[Action item]
Repeat exactly, and only, the lines from the one holding "Dick Francis: Noční můry ; Sport královen" through the last line of the records below.

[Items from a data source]
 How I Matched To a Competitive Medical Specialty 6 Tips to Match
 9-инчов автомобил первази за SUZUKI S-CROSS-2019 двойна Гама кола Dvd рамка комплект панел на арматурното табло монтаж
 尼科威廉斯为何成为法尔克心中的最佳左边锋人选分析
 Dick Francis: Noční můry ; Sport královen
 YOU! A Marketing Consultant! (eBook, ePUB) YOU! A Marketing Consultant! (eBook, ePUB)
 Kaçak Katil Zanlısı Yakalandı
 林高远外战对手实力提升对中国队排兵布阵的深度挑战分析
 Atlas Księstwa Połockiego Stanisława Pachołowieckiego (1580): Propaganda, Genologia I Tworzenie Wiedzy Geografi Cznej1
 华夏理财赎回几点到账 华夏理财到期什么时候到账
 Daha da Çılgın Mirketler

[Expected output]
 Dick Francis: Noční můry ; Sport královen
 YOU! A Marketing Consultant! (eBook, ePUB) YOU! A Marketing Consultant! (eBook, ePUB)
 Kaçak Katil Zanlısı Yakalandı
 林高远外战对手实力提升对中国队排兵布阵的深度挑战分析
 Atlas Księstwa Połockiego Stanisława Pachołowieckiego (1580): Propaganda, Genologia I Tworzenie Wiedzy Geografi Cznej1
 华夏理财赎回几点到账 华夏理财到期什么时候到账
 Daha da Çılgın Mirketler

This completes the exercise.